I was jotting down notes for this sermon on Thursday, a rainy day, when I remembered that I had not yet picked up the mail, and mail, on rainy days, tends to get soggy fast. So I threw on a raincoat and went outside, still thinking of my sermon, of what we mean when we talk about Creation, what we mean when we talk about Incarnation and sacraments. All of a sudden I was overcome by the scent of black locust blossoms—it smelled as if I’d died and gone to Heaven. It literally stopped me in my tracks. I took a deep breath, looked around from where I’d stopped—and there was a doe, not thirty feet away, looking at me as I looked at her. Intensely.
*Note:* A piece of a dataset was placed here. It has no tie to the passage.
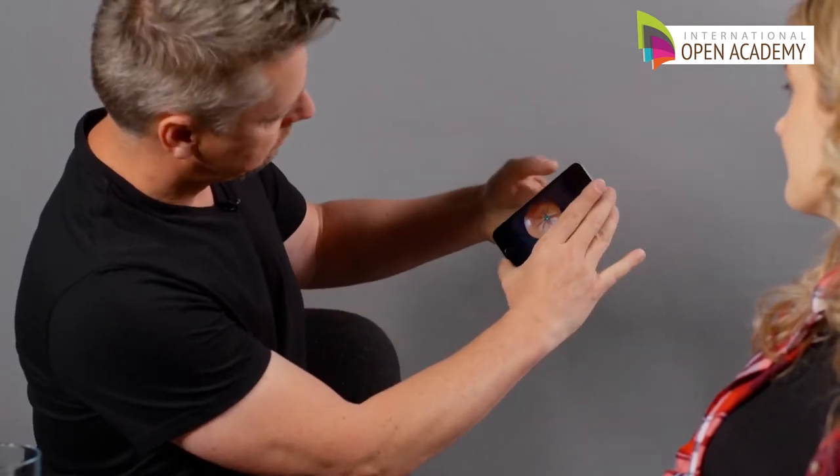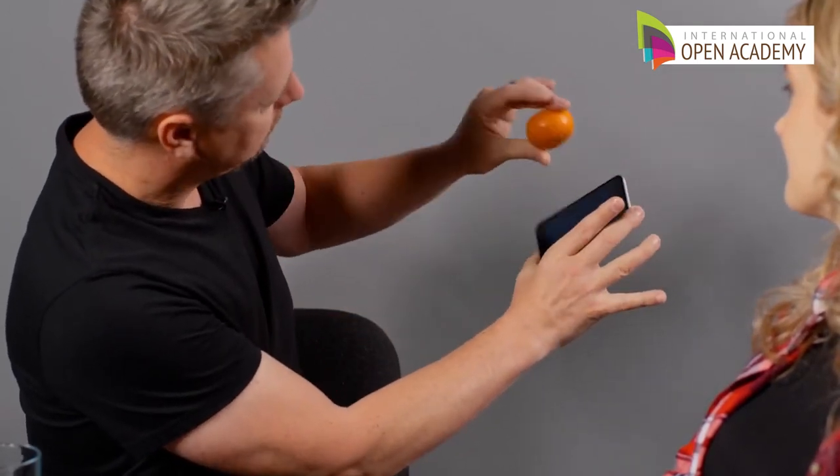They're taking forever for our food, but I have an idea. As a magician, watch this. Want an orange? Sure. There you go. Thank you.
It was one of those moments when you feel like time doesn’t exist. The deer’s gaze and the heavenly scent of blossoms seemed eternal, otherworldly. Thinking didn’t exist anymore, this sermon didn’t exist anymore. The only thing that existed was this doe, this strange intelligence, this creature with very different concerns and fears from me, but also some very similar concerns and fears. And then the doe flicked her ear and ran off, and the moment ended.
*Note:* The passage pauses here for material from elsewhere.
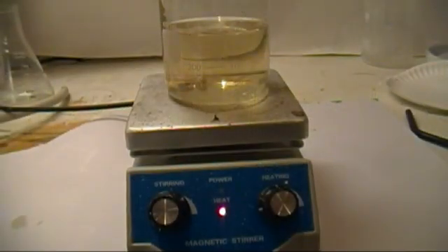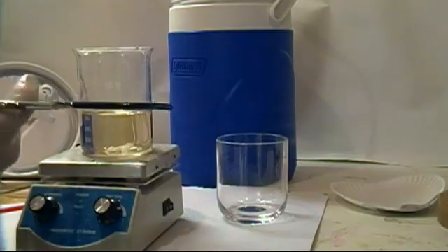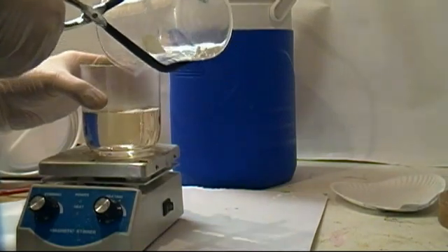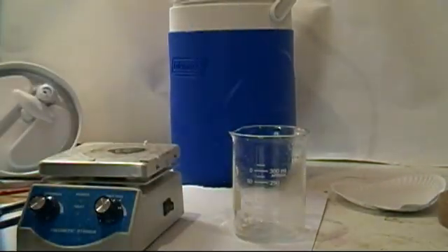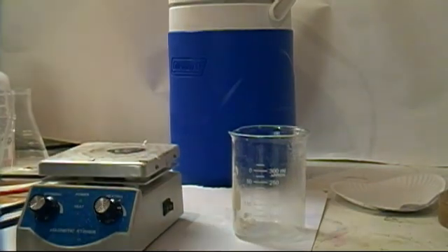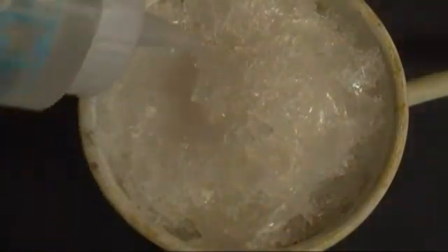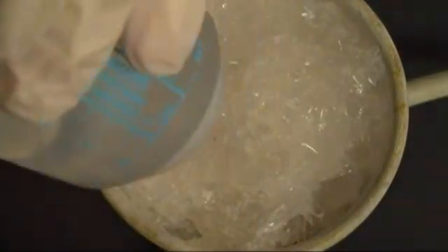Now we need to concentrate the sodium acetate by boiling away the water on a hot plate. Boil until you start to see very small crystals forming on the surface, then remove from heat and pour the mixture into a clean beaker. Place that beaker into a large thermos and add the lid — this will allow the solution to cool slowly and help form larger crystals, giving a purer product. After a couple of hours, remove the beaker from the thermos and pour the crystals into a vacuum filtration system. Wash the crystals with cold 91% isopropyl alcohol, then set them aside to dry.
Back inside, mail rescued from the pouring rain, I realized I had just been woken up to God’s presence by the deer and the scent of locust blossom. If that wasn’t an outward and visible sign of an inward and spiritual grace, I don’t know what is. In this case the grace was the grace of being reminded that God is not just the God of humans, but the God of all the created world, including towering trees and graceful deer. It was grace that reminded me, gently, that God is as different from me as a deer, and yet as similar. It was grace that humbled me, reminding me that the human voices that praise God are only one strand in a vast chorus, a song that is never-ending, one that we will never fully hear or comprehend.
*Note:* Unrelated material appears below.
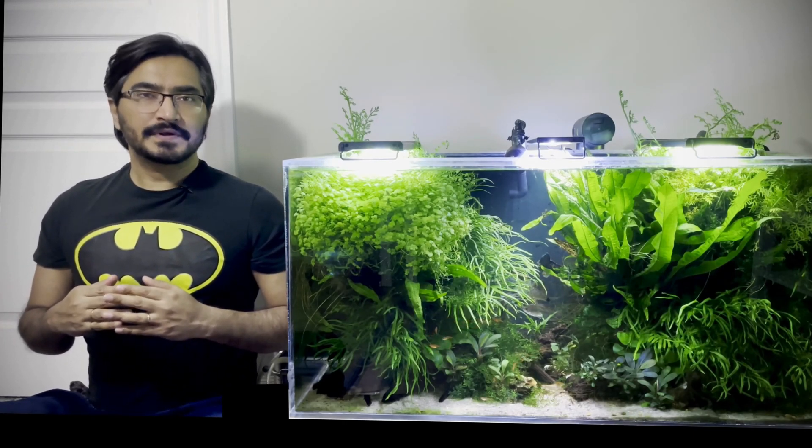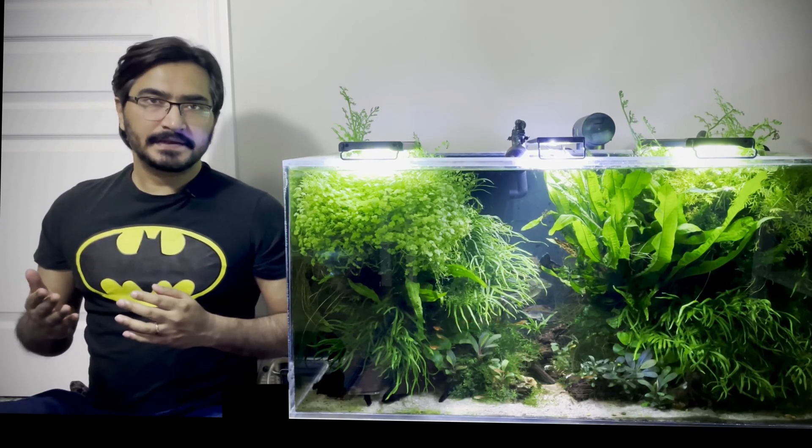Hey everyone, today we are going to talk about a plague which can destroy your planted tank within a month.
With this grace comes great responsibility. The more we practice opening ourselves to the sacramental reality of Creation, the more we will hear the call to take care of it. Our fellow singers in the great song of praise to God—air and water, wild animals and domestic, humans near and far—are just as necessary to the song as we are, and just as loved by God. It’s amazing how hard this can be to act on. I once lived next door to a seedy bar in a small town on the North Shore of Boston, Massachusetts. I think my roommates and I called the cops about twice every year. Once it was because a man was being methodically beaten up by another man. Once it was because a dog was locked in a car on a warm day with the windows rolled up, and I couldn’t find the owner. Once it was because a man was lying as if dead on the sidewalk as I was coming home with groceries. I tried to rouse him, and he wouldn’t wake. I couldn’t even tell if he was breathing. For the record, I don’t know what happened with the two men, but the dog’s owner was found and police explained to him that he needed to leave the windows down a bit so his dog didn’t overheat, and the ambulance workers were able to revive the man who was passed out on the sidewalk. In each of these cases, a life might have been at stake. And yet it was so hard for me, a naturally very shy person, to call for help. I wondered what the police would say when they arrived, whether they’d think I was wasting their time, whether I’d have to make a statement. But in each case it was the thought of how vulnerable we creatures are that made me pick up the phone and dial. It was scary every single time, but trying to be God’s hands and voices in the world can empower even the most timid among us to leave the places we feel comfortable. I’ve heard people say that having children is like sending your heart out to walk around in another body—imagine how God feels! Imagine, too, how the world might be transformed if we let our hearts go walking about in God’s Creation. It would be scary, yes, but also, how joyful to be connected like that, to hear more and more of the voices of the great song. How much less alone we’d be. How much less afraid we’d be.

Let us pray.

O God, whose glory fills the whole earth, bless us to recognize our brothers and sisters in all of Creation and to see Christ in others’ faces. Open our eyes to the sacrament of each moment, each encounter, and open our hearts to love as we are loved. Amen.